Nos gaillards n’avaient pour tout vêtement que la couche noire, mélangée de sueur et de poudre de houille, qui faisait sur eux comme un enduit. Quelques-uns, fort beaux, semblaient devant ce charbon noir, dans cet air brûlant, des statues de bronze fondant au feu.

Nous avions, mon ami et moi, l’air de deux mottes de beurre tombées dans une écritoire. De nos fronts et sur nos poitrines, coulaient des gouttes noirâtres et faisant rigole. De temps en temps, nous nous asseyions dans la houille humide et reprenions haleine. Mais le moment était venu de rassembler ses forces.

II fallait aller trouver à trois cents pieds sous terre un homme qui sonde là les entrailles du sol et tâte à coups de pioche ses flancs féconds ou stériles, chargés de gravats ou de houille.

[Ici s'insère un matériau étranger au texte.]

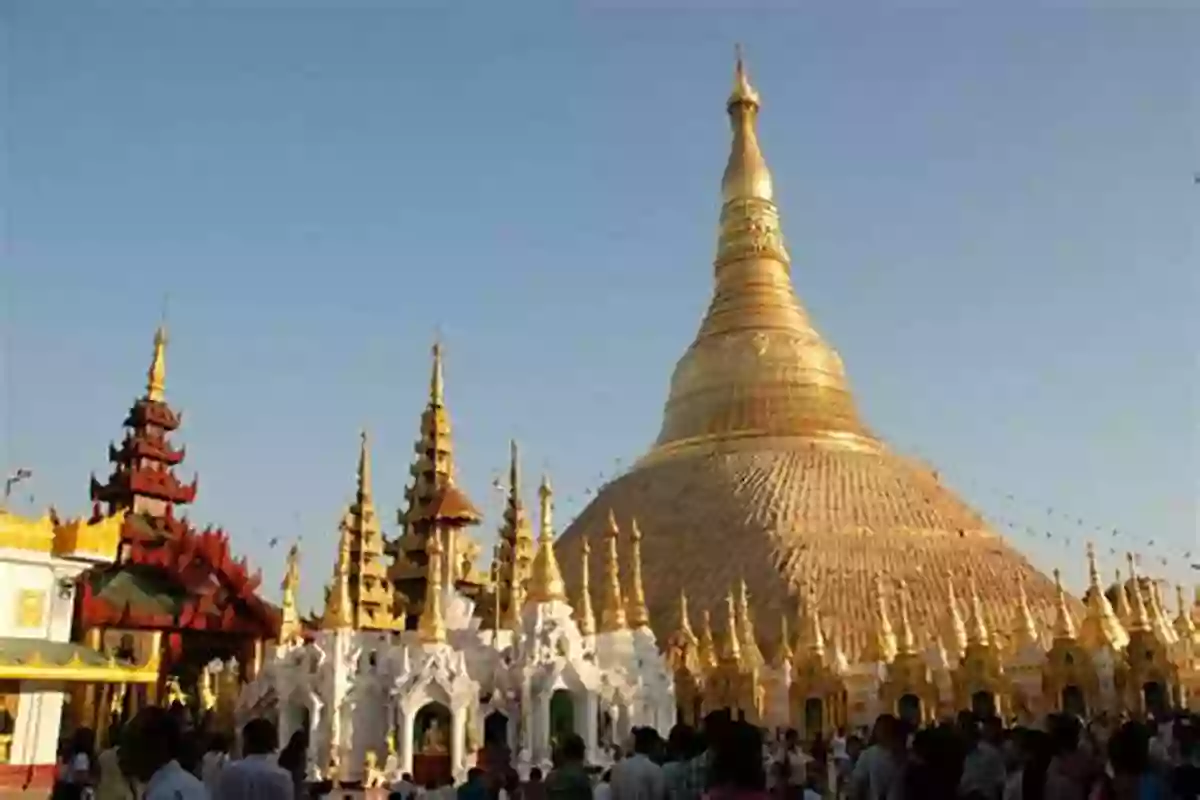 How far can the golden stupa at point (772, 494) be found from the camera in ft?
139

Une quinzaine de gamins se relaient sur des échelles et portent jusqu’au bord du trou les sacs remplis par les débris de roc ou de charbon qu’a fait tomber la pioche du mineur solitaire.

Comme l’air est irrespirable ou insuffisant dans ce boyau, on en envoie par des moyens factices : un ventilateur fonctionne continuellement au-dessus de l’abîme. C’est un enfant qui le fait tourner, qu’on remplace souvent et qui ne s’arrête que pendant quinze ou vingt secondes de temps en temps, pour se reposer.

La descente dans la recherche était l’opération périlleuse du voyage.

On arrive dans cet enfer par une série d’échelles qui peuvent donner place seulement au corps d’un homme.

Elles sont glissantes, humides et boueuses; pour s’y poser, il faut se retenir à une poutre, entrer de côté, chercher le barreau du pied, et l’on n’a qu’une main pour s’accrocher! L’autre tient la lampe : cette lampe qui n’est rien, pour le mineur, qu’un troisième œil mobile et sans paupière, mais qui dans les doigts du visiteur inexpérimenté est un fardeau et une gêne!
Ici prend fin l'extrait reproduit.